Problem to solve → Each and every line below goes into your answer unchanged, but leave out the images.

Extracted material →
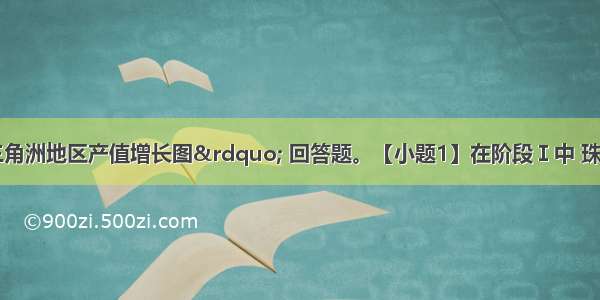 读&ldquo;珠江三角洲地区产值增长图&rdquo; 回答题。【小题1】在阶段Ⅰ中 珠三角的主导产业是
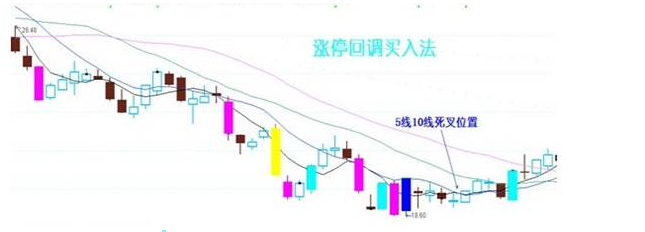 涨停回调买入法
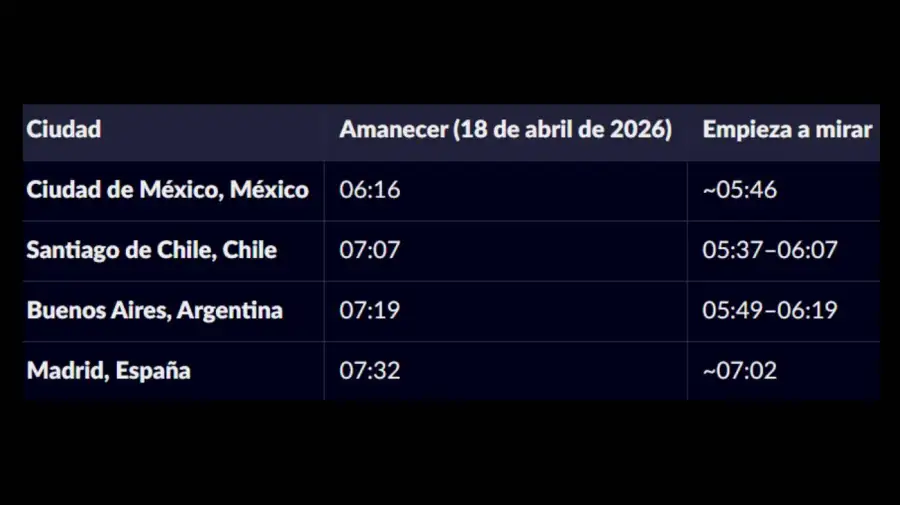 Alineación planetaria / Línea eclíptica 16042026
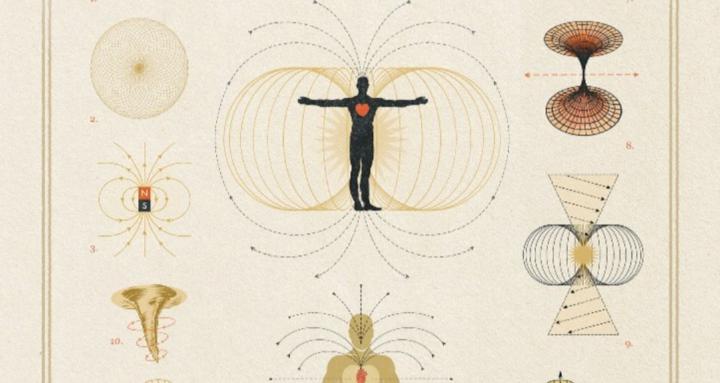 KIMIA QIGONG community 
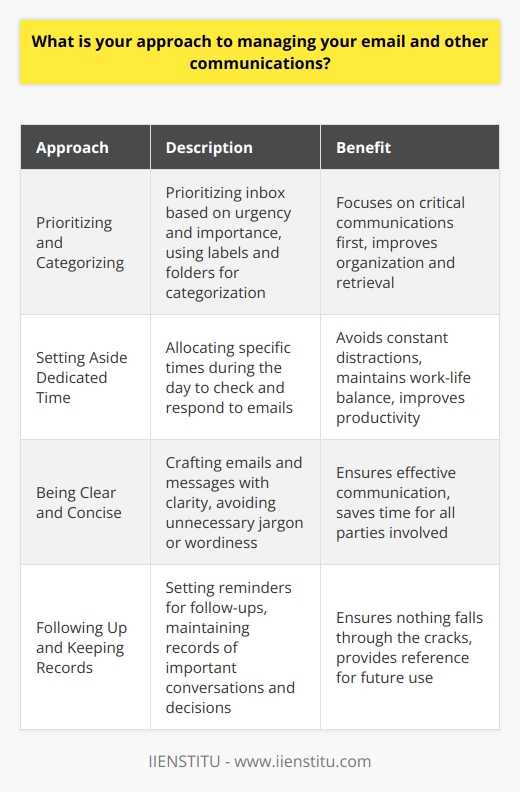 When it comes to managing my email and other communications, I have developed a systematic approach over the years. This approach helps me stay organized, responsive, and efficient in my professional interactions. Prioritizing and Categorizing I start by prioritizing my inbox based on urgency and importance. I use labels and folders to categorize messages, making it easier to find and respond to them later. This system allows me to focus on the most critical communications first. Setting Aside Dedicated Time I set aside specific times during the day to check and respond to emails. This helps me avoid constant distractions and maintain a healthy work-life balance. Of course, if theres an urgent matter, I address it promptly. Being Clear and Concise When crafting emails or other messages, I strive for clarity and conciseness. I aim to convey my thoughts and ideas in a way that is easy to understand, avoiding unnecessary jargon or wordiness. This approach ensures effective communication and saves time for everyone involved. Following Up and Keeping Records I believe in the importance of follow-up and keeping records. If Im awaiting a response or need to take action on a communication, I set reminders for myself. I also keep a record of important conversations and decisions for future reference. Overall, my approach to managing communications is based on organization, efficiency, and clear communication. I find that this system helps me collaborate effectively with colleagues, clients, and stakeholders, ensuring that nothing falls through the cracks.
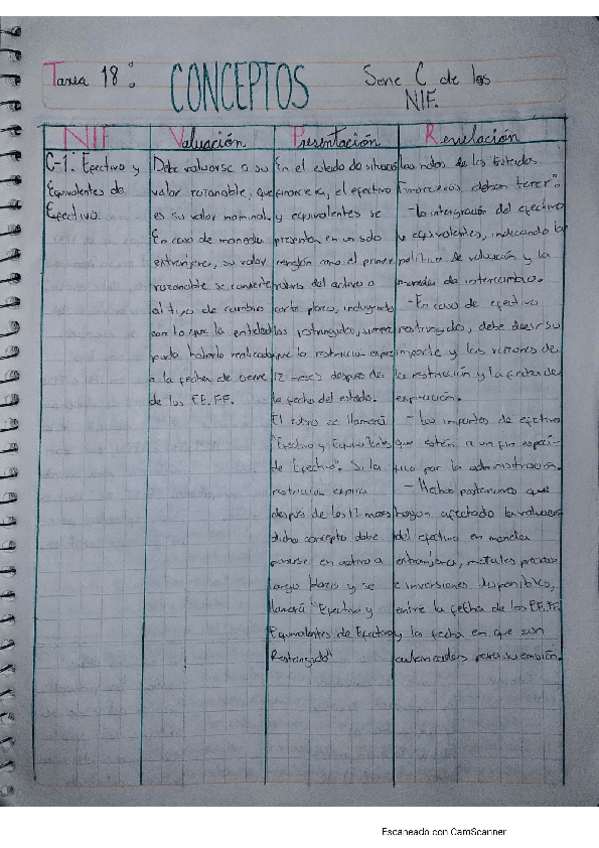 Miniatura del documento Tarea-18-Cuadro-de-la-Serie-C.pdf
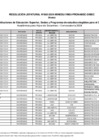 Vista preliminar de documento ANEXO - 3ERA Lista de IES de IES de Beca Excelencia Académica para Hijos de Docentes - Convocatoria 2024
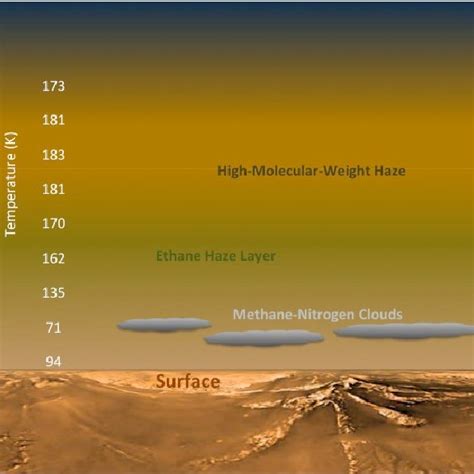 —Illustration of Titan Atmosphere (Refs. 3 and 4). | Download ...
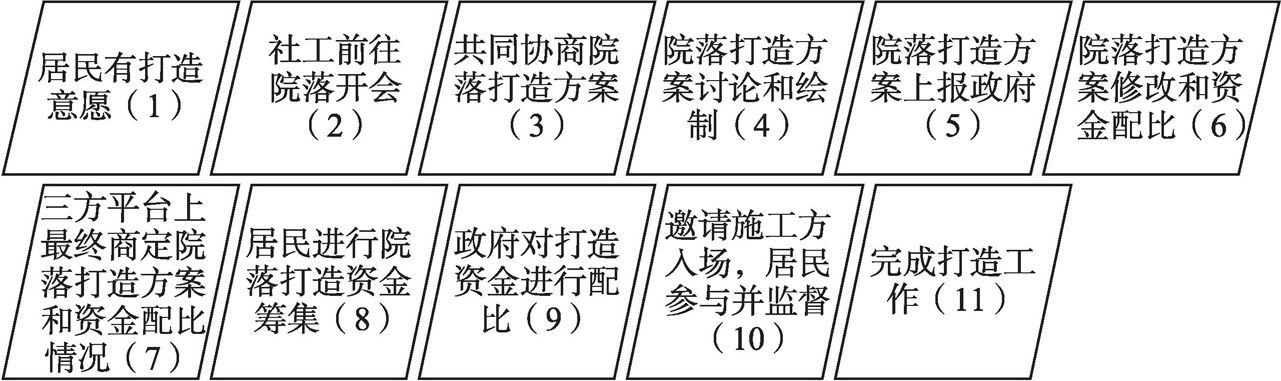 图1 院落打造11步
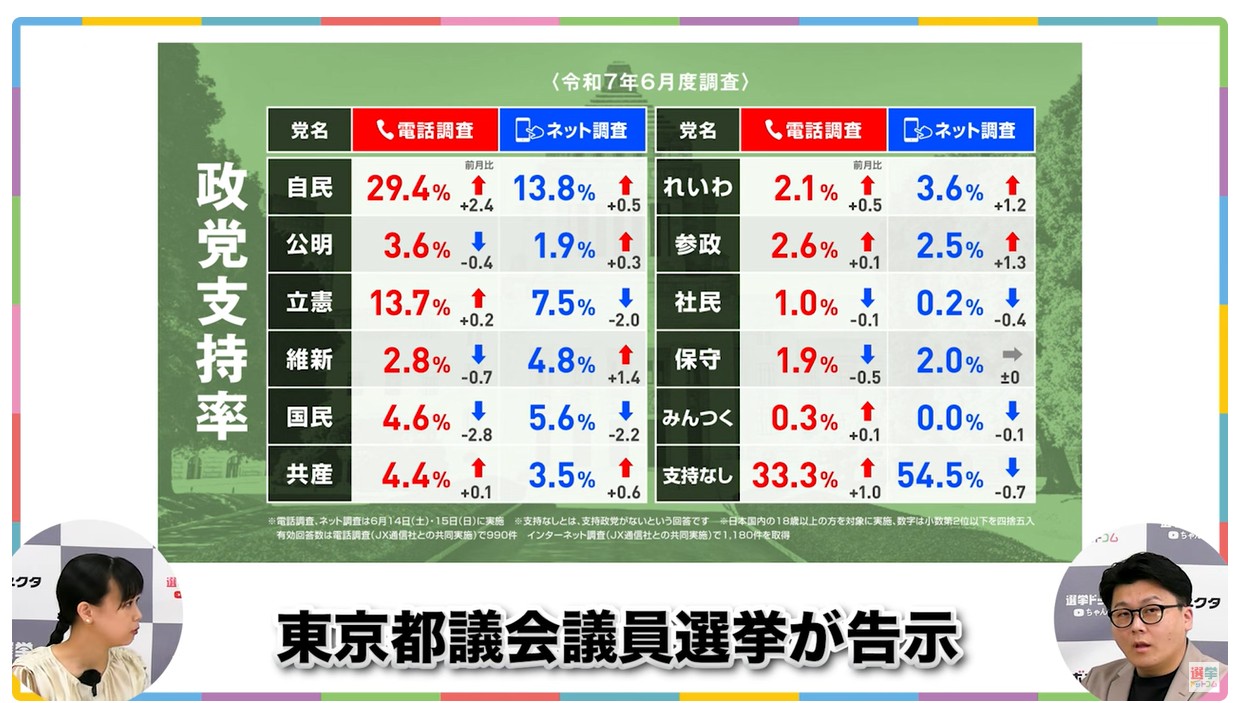 2025年6月時点での各政党支持率を示す円グラフ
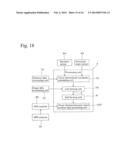 THREE-DIMENSIONAL POINT CLOUD POSITION DATA PROCESSING DEVICE,     THREE-DIMENSIONAL POINT CLOUD POSITION DATA PROCESSING SYSTEM, AND     THREE-DIMENSIONAL POINT CLOUD POSITION DATA PROCESSING METHOD AND PROGRAM diagram and image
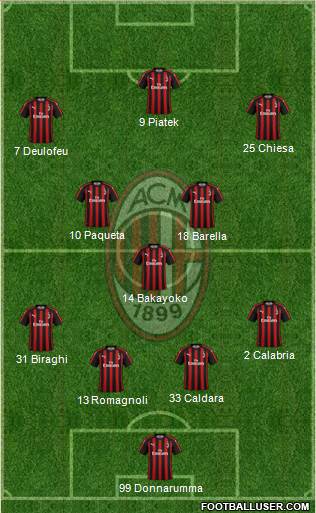 A.C. Milan Formation 2019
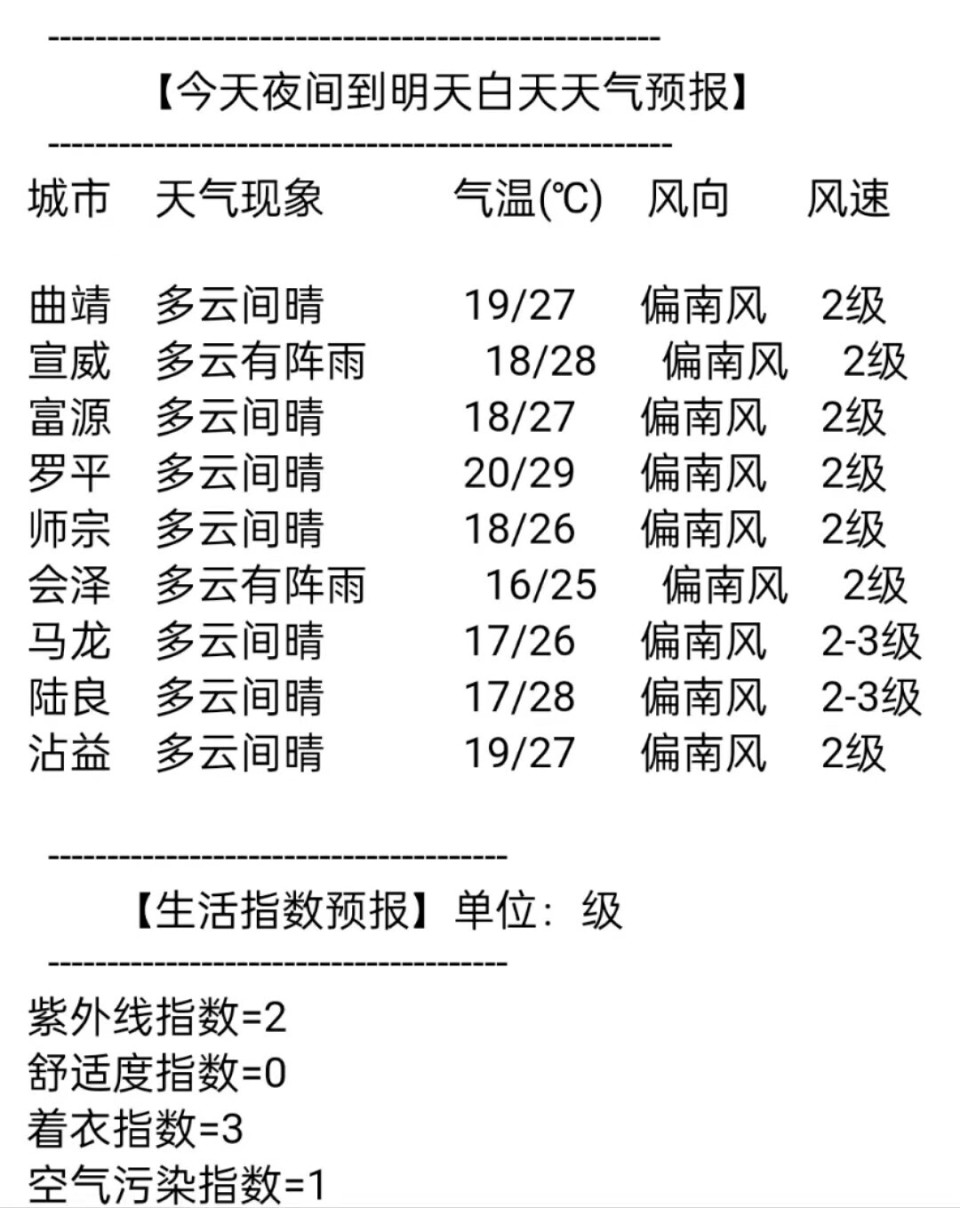 曲靖天气预报图片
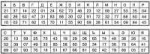 Хаотич алф шифр шифр вертикальная таблица .png
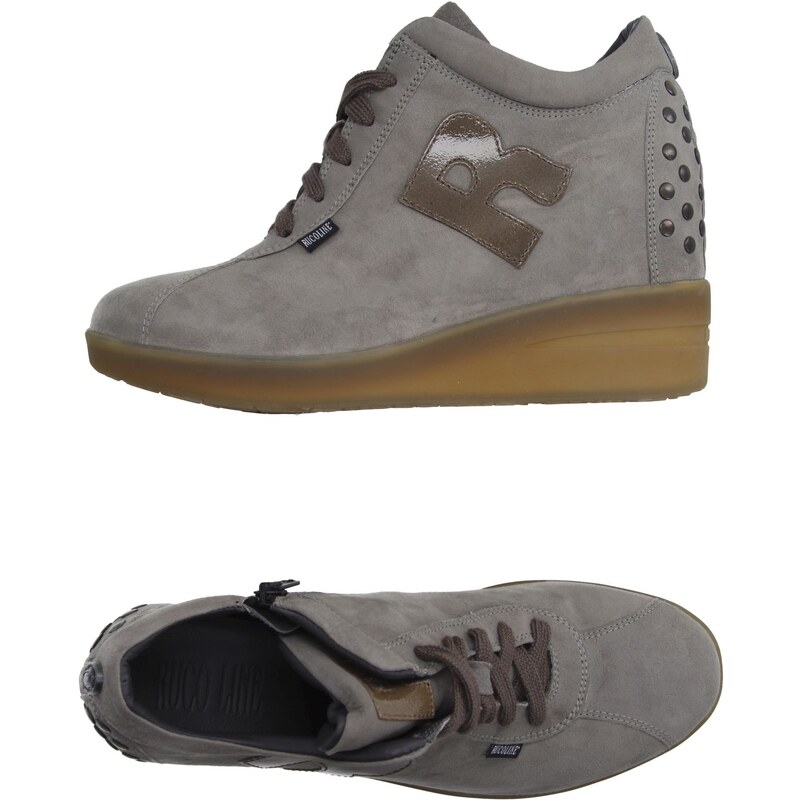 RUCO LINE CHAUSSURES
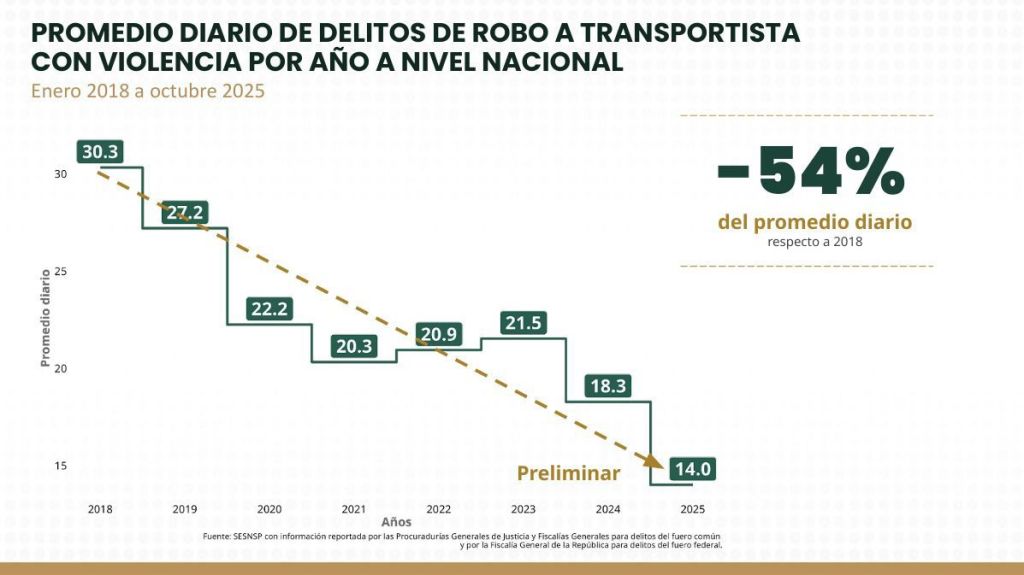 Estrategia de Seguridad en Carreteras continúa avanzando: Robo a Transportistas Presenta Reducción del&nbsp;54%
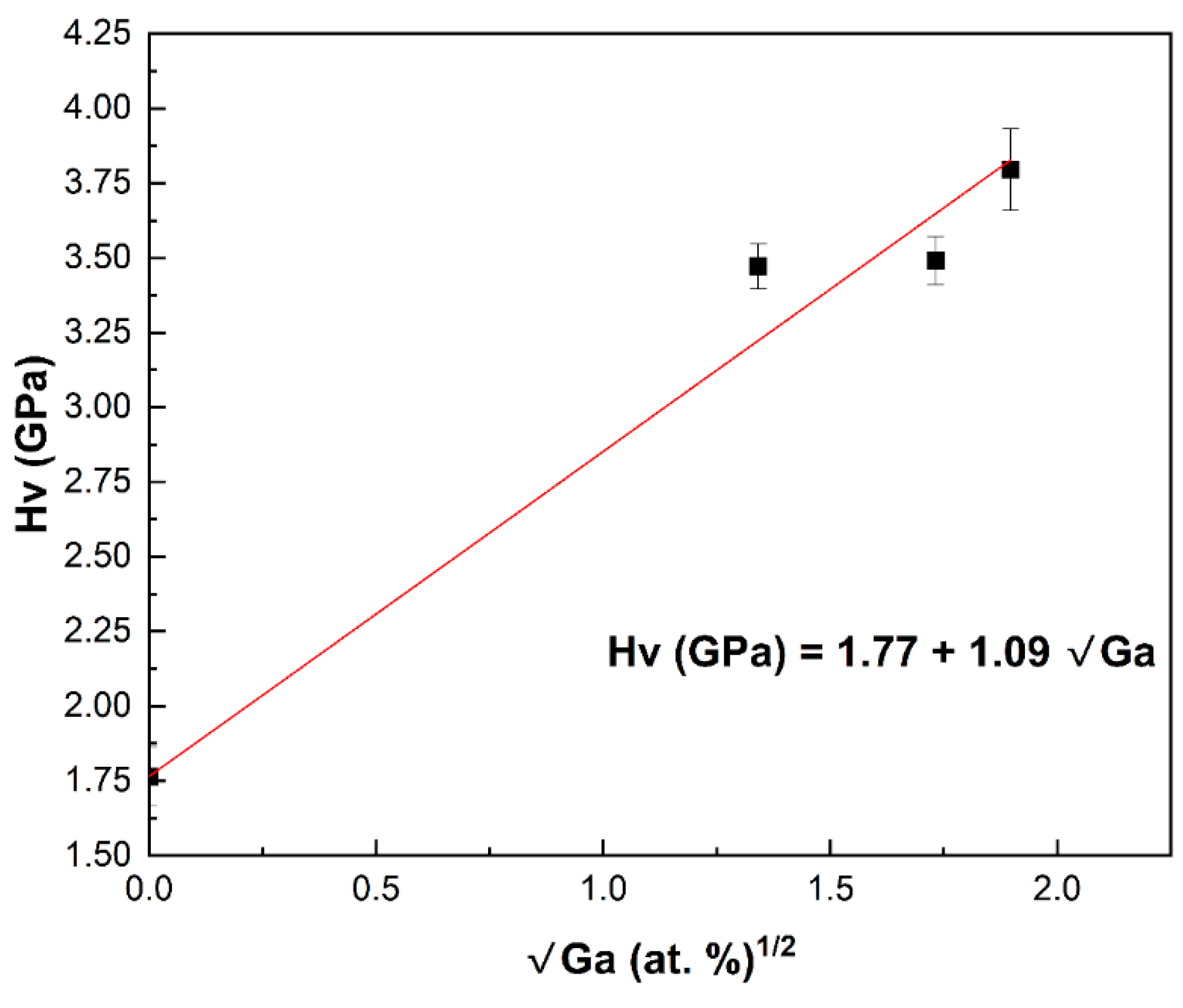 Materials 17 05622 g008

Answer box →
 读&ldquo;珠江三角洲地区产值增长图&rdquo; 回答题。【小题1】在阶段Ⅰ中 珠三角的主导产业是
 涨停回调买入法
 Alineación planetaria / Línea eclíptica 16042026
 KIMIA QIGONG community 
 When it comes to managing my email and other communications, I have developed a systematic approach over the years. This approach helps me stay organized, responsive, and efficient in my professional interactions. Prioritizing and Categorizing I start by prioritizing my inbox based on urgency and importance. I use labels and folders to categorize messages, making it easier to find and respond to them later. This system allows me to focus on the most critical communications first. Setting Aside Dedicated Time I set aside specific times during the day to check and respond to emails. This helps me avoid constant distractions and maintain a healthy work-life balance. Of course, if theres an urgent matter, I address it promptly. Being Clear and Concise When crafting emails or other messages, I strive for clarity and conciseness. I aim to convey my thoughts and ideas in a way that is easy to understand, avoiding unnecessary jargon or wordiness. This approach ensures effective communication and saves time for everyone involved. Following Up and Keeping Records I believe in the importance of follow-up and keeping records. If Im awaiting a response or need to take action on a communication, I set reminders for myself. I also keep a record of important conversations and decisions for future reference. Overall, my approach to managing communications is based on organization, efficiency, and clear communication. I find that this system helps me collaborate effectively with colleagues, clients, and stakeholders, ensuring that nothing falls through the cracks.
 Miniatura del documento Tarea-18-Cuadro-de-la-Serie-C.pdf
 Vista preliminar de documento ANEXO - 3ERA Lista de IES de IES de Beca Excelencia Académica para Hijos de Docentes - Convocatoria 2024
 —Illustration of Titan Atmosphere (Refs. 3 and 4). | Download ...
 图1 院落打造11步
 2025年6月時点での各政党支持率を示す円グラフ
 THREE-DIMENSIONAL POINT CLOUD POSITION DATA PROCESSING DEVICE,     THREE-DIMENSIONAL POINT CLOUD POSITION DATA PROCESSING SYSTEM, AND     THREE-DIMENSIONAL POINT CLOUD POSITION DATA PROCESSING METHOD AND PROGRAM diagram and image
 A.C. Milan Formation 2019
 曲靖天气预报图片
 Хаотич алф шифр шифр вертикальная таблица .png
 RUCO LINE CHAUSSURES
 Estrategia de Seguridad en Carreteras continúa avanzando: Robo a Transportistas Presenta Reducción del&nbsp;54%
 Materials 17 05622 g008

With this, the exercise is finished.